§ **Aim of the exercise**
What you return must match the listing below word for word.

§ **Records supplied**

☆ ☆ ☆ ☆

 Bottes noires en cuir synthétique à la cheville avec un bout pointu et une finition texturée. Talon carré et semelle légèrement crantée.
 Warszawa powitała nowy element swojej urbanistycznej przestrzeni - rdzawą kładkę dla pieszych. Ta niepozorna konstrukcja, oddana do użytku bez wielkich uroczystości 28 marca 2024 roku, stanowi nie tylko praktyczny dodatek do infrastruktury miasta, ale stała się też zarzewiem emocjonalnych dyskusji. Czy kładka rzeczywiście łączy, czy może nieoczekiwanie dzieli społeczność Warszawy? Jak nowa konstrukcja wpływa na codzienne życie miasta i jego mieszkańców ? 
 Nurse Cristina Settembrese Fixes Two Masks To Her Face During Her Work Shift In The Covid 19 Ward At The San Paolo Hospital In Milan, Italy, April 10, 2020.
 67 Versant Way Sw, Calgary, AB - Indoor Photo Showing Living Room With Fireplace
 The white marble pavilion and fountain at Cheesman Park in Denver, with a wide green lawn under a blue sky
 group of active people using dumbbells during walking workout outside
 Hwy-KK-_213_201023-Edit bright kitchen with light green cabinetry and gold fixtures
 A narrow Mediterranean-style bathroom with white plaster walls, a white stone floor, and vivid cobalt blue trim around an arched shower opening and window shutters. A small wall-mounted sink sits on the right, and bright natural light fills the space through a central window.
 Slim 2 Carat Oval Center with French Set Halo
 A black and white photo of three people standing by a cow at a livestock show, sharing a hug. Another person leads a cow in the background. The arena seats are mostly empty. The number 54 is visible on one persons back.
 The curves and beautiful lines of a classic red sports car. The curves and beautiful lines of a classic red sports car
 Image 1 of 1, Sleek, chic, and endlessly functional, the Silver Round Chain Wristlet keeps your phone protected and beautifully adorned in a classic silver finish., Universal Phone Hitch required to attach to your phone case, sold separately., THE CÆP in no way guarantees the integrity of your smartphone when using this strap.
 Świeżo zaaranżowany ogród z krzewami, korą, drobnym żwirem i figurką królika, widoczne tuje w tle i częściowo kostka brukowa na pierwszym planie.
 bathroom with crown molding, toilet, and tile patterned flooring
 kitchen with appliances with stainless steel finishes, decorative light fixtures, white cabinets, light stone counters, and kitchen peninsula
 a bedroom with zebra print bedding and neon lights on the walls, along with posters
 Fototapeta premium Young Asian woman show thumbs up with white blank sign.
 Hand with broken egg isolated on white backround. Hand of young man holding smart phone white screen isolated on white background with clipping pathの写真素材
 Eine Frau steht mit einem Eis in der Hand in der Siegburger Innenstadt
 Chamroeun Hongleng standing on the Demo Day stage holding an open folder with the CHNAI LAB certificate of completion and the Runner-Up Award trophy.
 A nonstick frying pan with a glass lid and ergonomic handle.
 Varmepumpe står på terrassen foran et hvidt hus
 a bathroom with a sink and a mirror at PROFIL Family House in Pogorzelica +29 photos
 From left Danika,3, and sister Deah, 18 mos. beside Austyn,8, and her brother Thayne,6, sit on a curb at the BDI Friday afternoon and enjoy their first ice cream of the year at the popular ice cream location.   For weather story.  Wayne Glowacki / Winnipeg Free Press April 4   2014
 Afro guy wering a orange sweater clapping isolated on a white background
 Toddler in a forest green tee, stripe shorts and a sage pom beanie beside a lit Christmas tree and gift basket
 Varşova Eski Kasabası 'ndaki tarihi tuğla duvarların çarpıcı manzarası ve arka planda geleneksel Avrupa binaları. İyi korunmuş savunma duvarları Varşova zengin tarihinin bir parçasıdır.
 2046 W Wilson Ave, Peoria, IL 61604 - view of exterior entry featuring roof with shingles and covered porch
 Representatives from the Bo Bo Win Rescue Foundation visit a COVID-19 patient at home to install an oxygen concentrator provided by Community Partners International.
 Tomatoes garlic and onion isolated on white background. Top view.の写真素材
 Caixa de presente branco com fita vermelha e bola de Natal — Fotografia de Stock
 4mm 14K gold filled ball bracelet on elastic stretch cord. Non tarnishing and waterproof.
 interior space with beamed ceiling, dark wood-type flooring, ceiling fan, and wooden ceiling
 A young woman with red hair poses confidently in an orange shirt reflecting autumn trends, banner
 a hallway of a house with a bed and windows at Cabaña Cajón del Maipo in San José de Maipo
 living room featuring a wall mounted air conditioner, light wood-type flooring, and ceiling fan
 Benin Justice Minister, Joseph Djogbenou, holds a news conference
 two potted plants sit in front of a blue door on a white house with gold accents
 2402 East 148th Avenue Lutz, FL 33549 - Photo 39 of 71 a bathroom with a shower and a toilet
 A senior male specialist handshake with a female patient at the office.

☆ ☆ ☆ ☆

§ **Solution for this exercise**
 Bottes noires en cuir synthétique à la cheville avec un bout pointu et une finition texturée. Talon carré et semelle légèrement crantée.
 Warszawa powitała nowy element swojej urbanistycznej przestrzeni - rdzawą kładkę dla pieszych. Ta niepozorna konstrukcja, oddana do użytku bez wielkich uroczystości 28 marca 2024 roku, stanowi nie tylko praktyczny dodatek do infrastruktury miasta, ale stała się też zarzewiem emocjonalnych dyskusji. Czy kładka rzeczywiście łączy, czy może nieoczekiwanie dzieli społeczność Warszawy? Jak nowa konstrukcja wpływa na codzienne życie miasta i jego mieszkańców ? 
 Nurse Cristina Settembrese Fixes Two Masks To Her Face During Her Work Shift In The Covid 19 Ward At The San Paolo Hospital In Milan, Italy, April 10, 2020.
 67 Versant Way Sw, Calgary, AB - Indoor Photo Showing Living Room With Fireplace
 The white marble pavilion and fountain at Cheesman Park in Denver, with a wide green lawn under a blue sky
 group of active people using dumbbells during walking workout outside
 Hwy-KK-_213_201023-Edit bright kitchen with light green cabinetry and gold fixtures
 A narrow Mediterranean-style bathroom with white plaster walls, a white stone floor, and vivid cobalt blue trim around an arched shower opening and window shutters. A small wall-mounted sink sits on the right, and bright natural light fills the space through a central window.
 Slim 2 Carat Oval Center with French Set Halo
 A black and white photo of three people standing by a cow at a livestock show, sharing a hug. Another person leads a cow in the background. The arena seats are mostly empty. The number 54 is visible on one persons back.
 The curves and beautiful lines of a classic red sports car. The curves and beautiful lines of a classic red sports car
 Image 1 of 1, Sleek, chic, and endlessly functional, the Silver Round Chain Wristlet keeps your phone protected and beautifully adorned in a classic silver finish., Universal Phone Hitch required to attach to your phone case, sold separately., THE CÆP in no way guarantees the integrity of your smartphone when using this strap.
 Świeżo zaaranżowany ogród z krzewami, korą, drobnym żwirem i figurką królika, widoczne tuje w tle i częściowo kostka brukowa na pierwszym planie.
 bathroom with crown molding, toilet, and tile patterned flooring
 kitchen with appliances with stainless steel finishes, decorative light fixtures, white cabinets, light stone counters, and kitchen peninsula
 a bedroom with zebra print bedding and neon lights on the walls, along with posters
 Fototapeta premium Young Asian woman show thumbs up with white blank sign.
 Hand with broken egg isolated on white backround. Hand of young man holding smart phone white screen isolated on white background with clipping pathの写真素材
 Eine Frau steht mit einem Eis in der Hand in der Siegburger Innenstadt
 Chamroeun Hongleng standing on the Demo Day stage holding an open folder with the CHNAI LAB certificate of completion and the Runner-Up Award trophy.
 A nonstick frying pan with a glass lid and ergonomic handle.
 Varmepumpe står på terrassen foran et hvidt hus
 a bathroom with a sink and a mirror at PROFIL Family House in Pogorzelica +29 photos
 From left Danika,3, and sister Deah, 18 mos. beside Austyn,8, and her brother Thayne,6, sit on a curb at the BDI Friday afternoon and enjoy their first ice cream of the year at the popular ice cream location.   For weather story.  Wayne Glowacki / Winnipeg Free Press April 4   2014
 Afro guy wering a orange sweater clapping isolated on a white background
 Toddler in a forest green tee, stripe shorts and a sage pom beanie beside a lit Christmas tree and gift basket
 Varşova Eski Kasabası 'ndaki tarihi tuğla duvarların çarpıcı manzarası ve arka planda geleneksel Avrupa binaları. İyi korunmuş savunma duvarları Varşova zengin tarihinin bir parçasıdır.
 2046 W Wilson Ave, Peoria, IL 61604 - view of exterior entry featuring roof with shingles and covered porch
 Representatives from the Bo Bo Win Rescue Foundation visit a COVID-19 patient at home to install an oxygen concentrator provided by Community Partners International.
 Tomatoes garlic and onion isolated on white background. Top view.の写真素材
 Caixa de presente branco com fita vermelha e bola de Natal — Fotografia de Stock
 4mm 14K gold filled ball bracelet on elastic stretch cord. Non tarnishing and waterproof.
 interior space with beamed ceiling, dark wood-type flooring, ceiling fan, and wooden ceiling
 A young woman with red hair poses confidently in an orange shirt reflecting autumn trends, banner
 a hallway of a house with a bed and windows at Cabaña Cajón del Maipo in San José de Maipo
 living room featuring a wall mounted air conditioner, light wood-type flooring, and ceiling fan
 Benin Justice Minister, Joseph Djogbenou, holds a news conference
 two potted plants sit in front of a blue door on a white house with gold accents
 2402 East 148th Avenue Lutz, FL 33549 - Photo 39 of 71 a bathroom with a shower and a toilet
 A senior male specialist handshake with a female patient at the office.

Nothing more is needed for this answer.